= INFORMATION SHOWN =
....

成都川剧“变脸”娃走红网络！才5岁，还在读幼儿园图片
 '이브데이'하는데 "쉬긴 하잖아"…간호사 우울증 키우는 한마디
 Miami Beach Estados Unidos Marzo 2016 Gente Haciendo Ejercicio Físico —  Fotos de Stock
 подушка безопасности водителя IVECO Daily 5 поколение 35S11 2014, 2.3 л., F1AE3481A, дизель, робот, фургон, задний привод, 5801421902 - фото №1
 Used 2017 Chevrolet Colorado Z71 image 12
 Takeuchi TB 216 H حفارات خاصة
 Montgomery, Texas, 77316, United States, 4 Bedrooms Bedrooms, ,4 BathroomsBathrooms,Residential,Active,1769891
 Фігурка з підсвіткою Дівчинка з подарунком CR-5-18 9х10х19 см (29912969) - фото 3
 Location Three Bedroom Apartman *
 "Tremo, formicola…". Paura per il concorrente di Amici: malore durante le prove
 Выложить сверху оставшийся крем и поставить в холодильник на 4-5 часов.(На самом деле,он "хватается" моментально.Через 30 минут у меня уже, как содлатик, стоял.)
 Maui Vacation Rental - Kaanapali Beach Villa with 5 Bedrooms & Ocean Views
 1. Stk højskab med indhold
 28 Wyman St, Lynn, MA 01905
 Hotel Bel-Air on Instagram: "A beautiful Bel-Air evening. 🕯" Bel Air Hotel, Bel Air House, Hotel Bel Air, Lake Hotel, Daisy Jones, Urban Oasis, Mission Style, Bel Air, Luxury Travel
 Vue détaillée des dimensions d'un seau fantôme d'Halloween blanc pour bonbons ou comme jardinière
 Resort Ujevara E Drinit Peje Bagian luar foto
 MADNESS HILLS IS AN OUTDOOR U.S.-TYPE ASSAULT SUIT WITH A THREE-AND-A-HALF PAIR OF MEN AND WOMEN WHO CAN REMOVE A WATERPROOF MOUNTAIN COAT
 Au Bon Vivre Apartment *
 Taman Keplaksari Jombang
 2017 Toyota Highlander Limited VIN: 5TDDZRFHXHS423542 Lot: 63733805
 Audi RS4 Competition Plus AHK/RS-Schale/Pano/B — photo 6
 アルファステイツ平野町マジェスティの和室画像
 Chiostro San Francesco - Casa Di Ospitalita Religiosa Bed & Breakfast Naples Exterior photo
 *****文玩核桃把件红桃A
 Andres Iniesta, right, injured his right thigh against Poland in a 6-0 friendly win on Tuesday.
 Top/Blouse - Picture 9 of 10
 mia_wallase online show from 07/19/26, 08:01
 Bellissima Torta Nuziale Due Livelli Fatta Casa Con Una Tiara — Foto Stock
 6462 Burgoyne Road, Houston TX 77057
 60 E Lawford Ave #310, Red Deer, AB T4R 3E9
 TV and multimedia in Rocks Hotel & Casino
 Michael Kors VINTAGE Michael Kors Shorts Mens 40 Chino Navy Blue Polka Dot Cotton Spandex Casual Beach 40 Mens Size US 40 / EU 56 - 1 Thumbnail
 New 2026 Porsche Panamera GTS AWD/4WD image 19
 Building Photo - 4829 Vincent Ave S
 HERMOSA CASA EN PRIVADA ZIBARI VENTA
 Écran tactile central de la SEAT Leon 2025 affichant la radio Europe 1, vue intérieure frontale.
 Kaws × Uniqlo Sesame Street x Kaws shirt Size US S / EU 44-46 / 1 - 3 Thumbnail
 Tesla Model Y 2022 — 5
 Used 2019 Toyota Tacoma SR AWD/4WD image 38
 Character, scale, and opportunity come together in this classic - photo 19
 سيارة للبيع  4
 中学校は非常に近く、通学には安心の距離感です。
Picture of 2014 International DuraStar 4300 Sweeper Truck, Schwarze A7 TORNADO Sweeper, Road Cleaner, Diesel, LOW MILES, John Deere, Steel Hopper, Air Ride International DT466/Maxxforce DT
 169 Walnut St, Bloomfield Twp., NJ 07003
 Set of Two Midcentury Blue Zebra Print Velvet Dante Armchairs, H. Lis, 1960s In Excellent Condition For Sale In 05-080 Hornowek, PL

....

= ACTIVITY =
Would you please transcribe all of the entries above exactly?

= EXPECTED ANSWER =
成都川剧“变脸”娃走红网络！才5岁，还在读幼儿园图片
 '이브데이'하는데 "쉬긴 하잖아"…간호사 우울증 키우는 한마디
 Miami Beach Estados Unidos Marzo 2016 Gente Haciendo Ejercicio Físico —  Fotos de Stock
 подушка безопасности водителя IVECO Daily 5 поколение 35S11 2014, 2.3 л., F1AE3481A, дизель, робот, фургон, задний привод, 5801421902 - фото №1
 Used 2017 Chevrolet Colorado Z71 image 12
 Takeuchi TB 216 H حفارات خاصة
 Montgomery, Texas, 77316, United States, 4 Bedrooms Bedrooms, ,4 BathroomsBathrooms,Residential,Active,1769891
 Фігурка з підсвіткою Дівчинка з подарунком CR-5-18 9х10х19 см (29912969) - фото 3
 Location Three Bedroom Apartman *
 "Tremo, formicola…". Paura per il concorrente di Amici: malore durante le prove
 Выложить сверху оставшийся крем и поставить в холодильник на 4-5 часов.(На самом деле,он "хватается" моментально.Через 30 минут у меня уже, как содлатик, стоял.)
 Maui Vacation Rental - Kaanapali Beach Villa with 5 Bedrooms & Ocean Views
 1. Stk højskab med indhold
 28 Wyman St, Lynn, MA 01905
 Hotel Bel-Air on Instagram: "A beautiful Bel-Air evening. 🕯" Bel Air Hotel, Bel Air House, Hotel Bel Air, Lake Hotel, Daisy Jones, Urban Oasis, Mission Style, Bel Air, Luxury Travel
 Vue détaillée des dimensions d'un seau fantôme d'Halloween blanc pour bonbons ou comme jardinière
 Resort Ujevara E Drinit Peje Bagian luar foto
 MADNESS HILLS IS AN OUTDOOR U.S.-TYPE ASSAULT SUIT WITH A THREE-AND-A-HALF PAIR OF MEN AND WOMEN WHO CAN REMOVE A WATERPROOF MOUNTAIN COAT
 Au Bon Vivre Apartment *
 Taman Keplaksari Jombang
 2017 Toyota Highlander Limited VIN: 5TDDZRFHXHS423542 Lot: 63733805
 Audi RS4 Competition Plus AHK/RS-Schale/Pano/B — photo 6
 アルファステイツ平野町マジェスティの和室画像
 Chiostro San Francesco - Casa Di Ospitalita Religiosa Bed & Breakfast Naples Exterior photo
 *****文玩核桃把件红桃A
 Andres Iniesta, right, injured his right thigh against Poland in a 6-0 friendly win on Tuesday.
 Top/Blouse - Picture 9 of 10
 mia_wallase online show from 07/19/26, 08:01
 Bellissima Torta Nuziale Due Livelli Fatta Casa Con Una Tiara — Foto Stock
 6462 Burgoyne Road, Houston TX 77057
 60 E Lawford Ave #310, Red Deer, AB T4R 3E9
 TV and multimedia in Rocks Hotel & Casino
 Michael Kors VINTAGE Michael Kors Shorts Mens 40 Chino Navy Blue Polka Dot Cotton Spandex Casual Beach 40 Mens Size US 40 / EU 56 - 1 Thumbnail
 New 2026 Porsche Panamera GTS AWD/4WD image 19
 Building Photo - 4829 Vincent Ave S
 HERMOSA CASA EN PRIVADA ZIBARI VENTA
 Écran tactile central de la SEAT Leon 2025 affichant la radio Europe 1, vue intérieure frontale.
 Kaws × Uniqlo Sesame Street x Kaws shirt Size US S / EU 44-46 / 1 - 3 Thumbnail
 Tesla Model Y 2022 — 5
 Used 2019 Toyota Tacoma SR AWD/4WD image 38
 Character, scale, and opportunity come together in this classic - photo 19
 سيارة للبيع  4
 中学校は非常に近く、通学には安心の距離感です。
Picture of 2014 International DuraStar 4300 Sweeper Truck, Schwarze A7 TORNADO Sweeper, Road Cleaner, Diesel, LOW MILES, John Deere, Steel Hopper, Air Ride International DT466/Maxxforce DT
 169 Walnut St, Bloomfield Twp., NJ 07003
 Set of Two Midcentury Blue Zebra Print Velvet Dante Armchairs, H. Lis, 1960s In Excellent Condition For Sale In 05-080 Hornowek, PL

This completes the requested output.